(Data supplied begins)
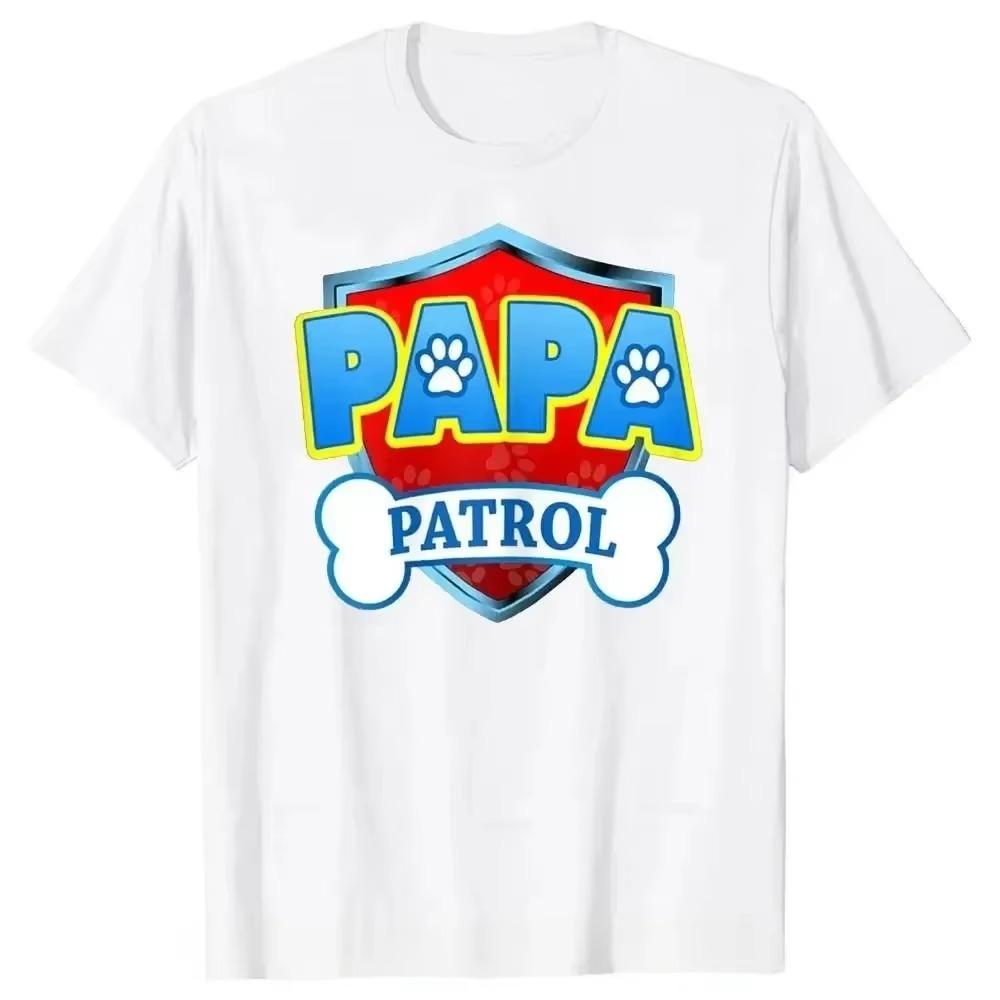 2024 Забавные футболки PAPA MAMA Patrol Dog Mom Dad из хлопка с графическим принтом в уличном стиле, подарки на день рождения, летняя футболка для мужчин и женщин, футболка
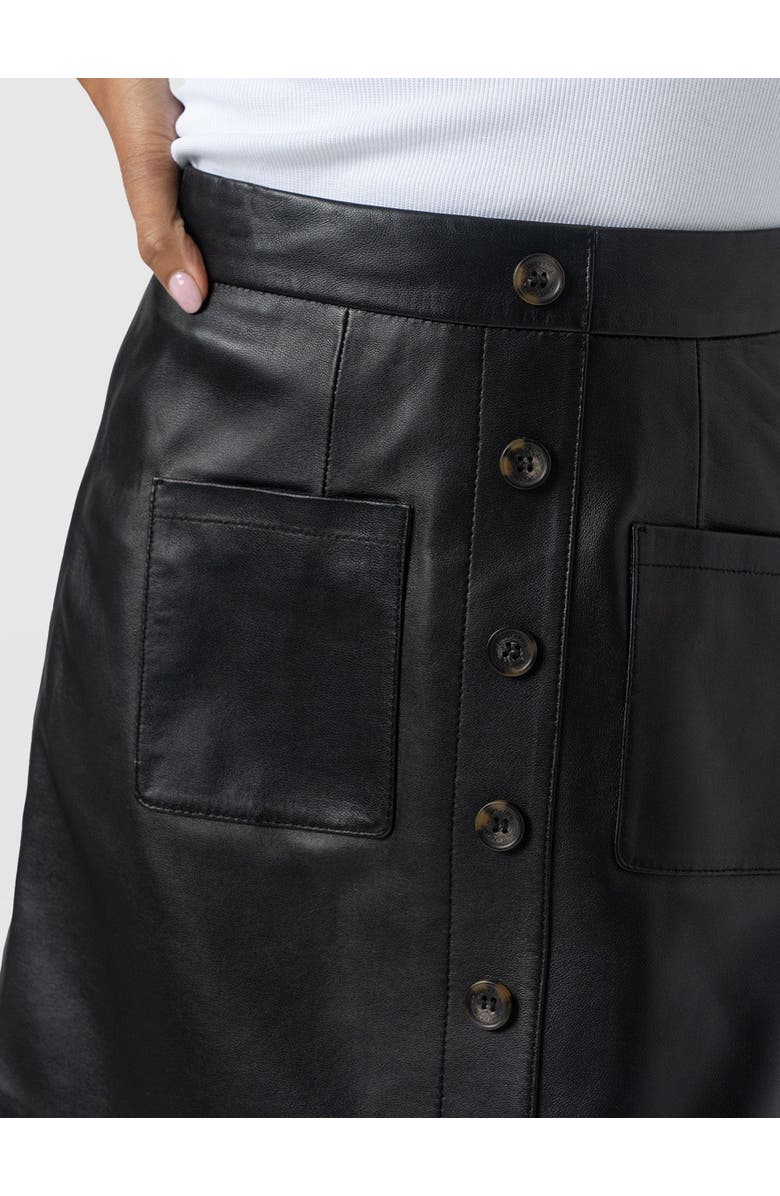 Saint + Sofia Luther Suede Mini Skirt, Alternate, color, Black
(Data supplied ends)
(Data supplied begins)
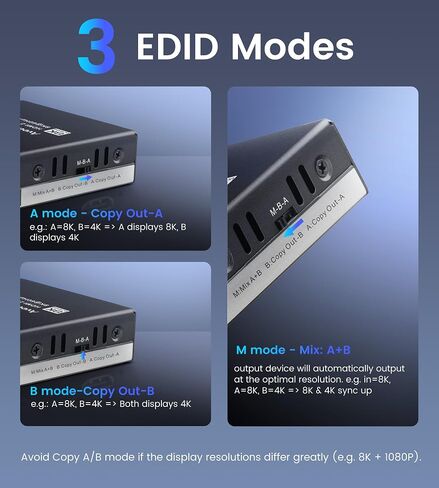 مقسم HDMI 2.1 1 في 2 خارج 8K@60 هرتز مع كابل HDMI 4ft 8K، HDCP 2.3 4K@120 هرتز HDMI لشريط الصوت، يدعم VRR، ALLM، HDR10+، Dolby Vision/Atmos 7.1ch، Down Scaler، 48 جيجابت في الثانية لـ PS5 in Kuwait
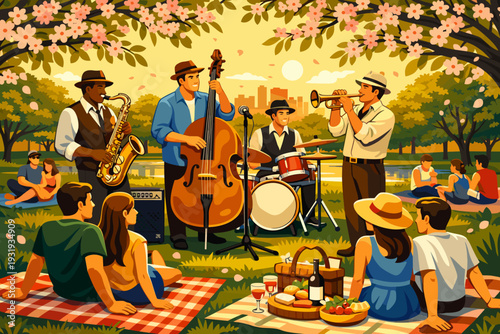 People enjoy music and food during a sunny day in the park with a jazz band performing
(Data supplied ends)
Task requirements - What is needed is an exact copy of the lines above from the one with "2024 Забавные футболки" to the one with "Saint + Sofia", both ends kept, and nothing more; please leave the pictures out.

Answer to this problem -
 2024 Забавные футболки PAPA MAMA Patrol Dog Mom Dad из хлопка с графическим принтом в уличном стиле, подарки на день рождения, летняя футболка для мужчин и женщин, футболка
 Saint + Sofia Luther Suede Mini Skirt, Alternate, color, Black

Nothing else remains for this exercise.